> Given data
━━━━━━━━
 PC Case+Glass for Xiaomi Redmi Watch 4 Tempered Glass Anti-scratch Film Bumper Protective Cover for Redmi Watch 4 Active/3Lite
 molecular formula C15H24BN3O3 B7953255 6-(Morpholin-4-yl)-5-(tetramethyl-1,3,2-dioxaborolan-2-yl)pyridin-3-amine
━━━━━━━━
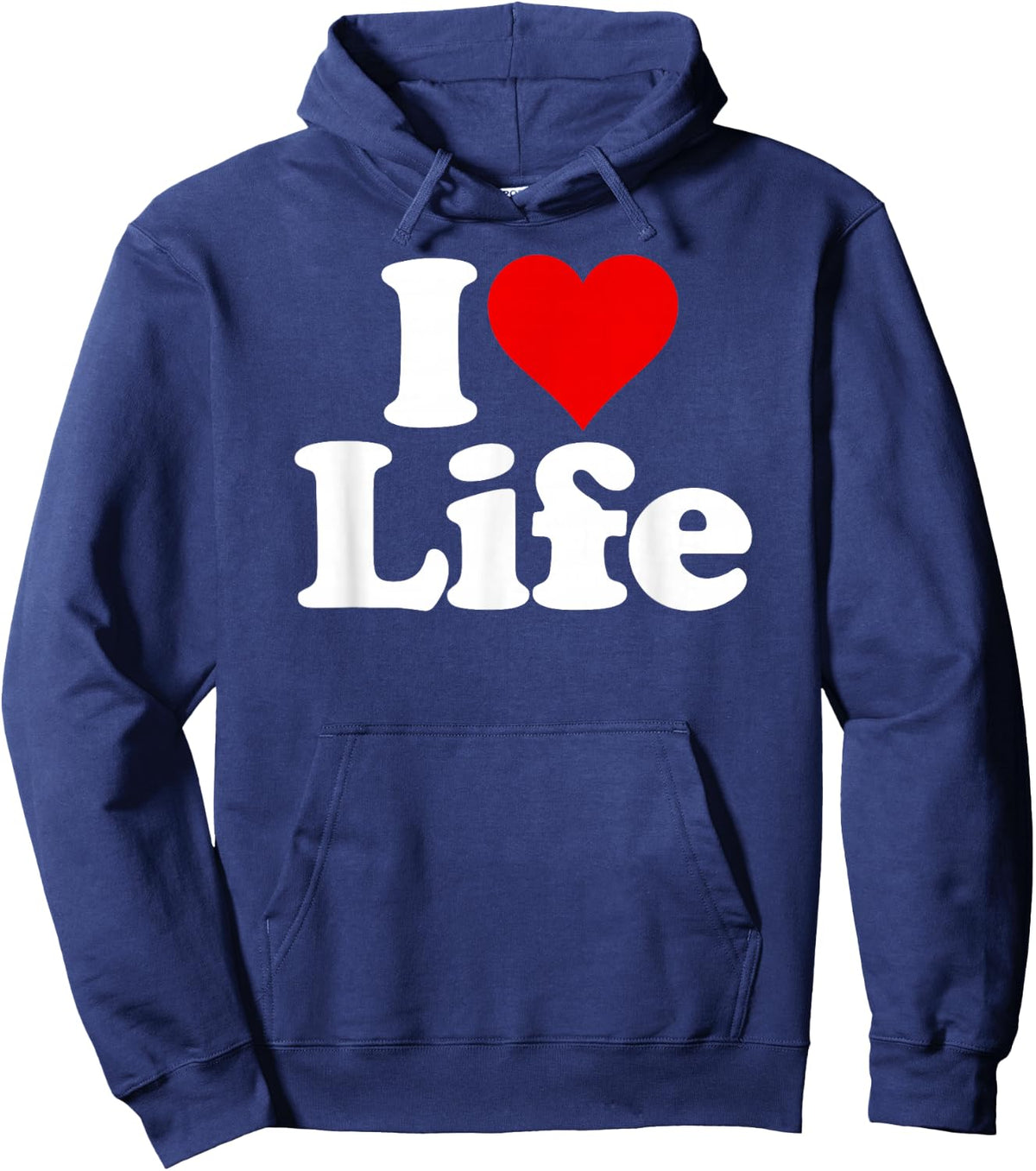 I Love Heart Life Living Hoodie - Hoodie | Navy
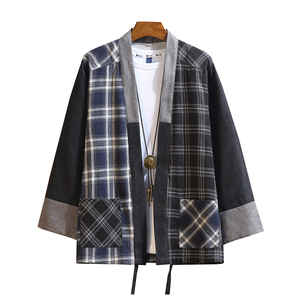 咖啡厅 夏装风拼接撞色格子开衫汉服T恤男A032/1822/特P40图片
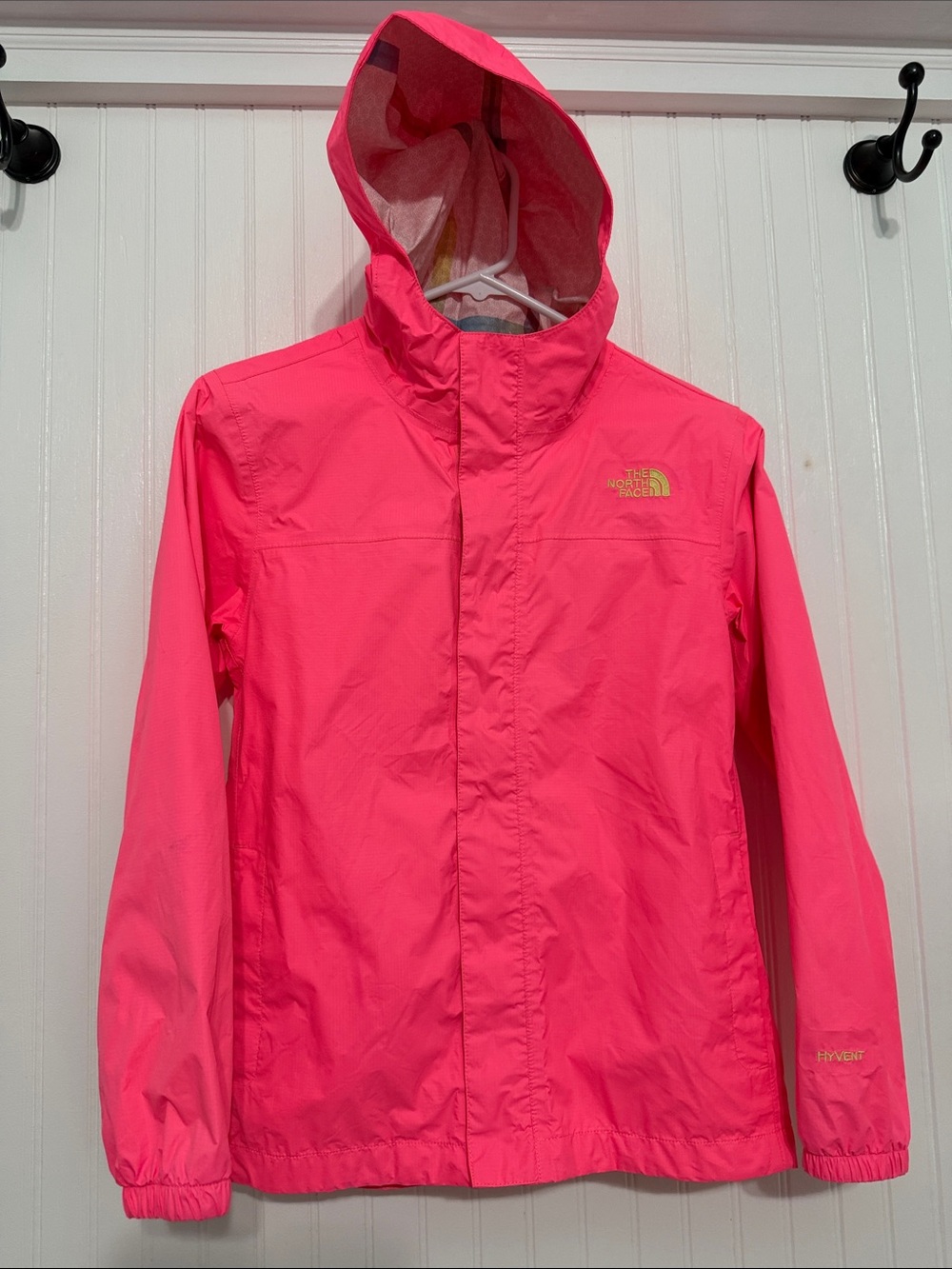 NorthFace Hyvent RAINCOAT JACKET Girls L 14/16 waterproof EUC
━━━━━━━━
> Exercise instructions
From the records above, retype only the lines starting at the line that contains "PC Case+Glass for" and ending at the line that contains "molecular formula C15H24BN3O3", both included.

> Output below
 PC Case+Glass for Xiaomi Redmi Watch 4 Tempered Glass Anti-scratch Film Bumper Protective Cover for Redmi Watch 4 Active/3Lite
 molecular formula C15H24BN3O3 B7953255 6-(Morpholin-4-yl)-5-(tetramethyl-1,3,2-dioxaborolan-2-yl)pyridin-3-amine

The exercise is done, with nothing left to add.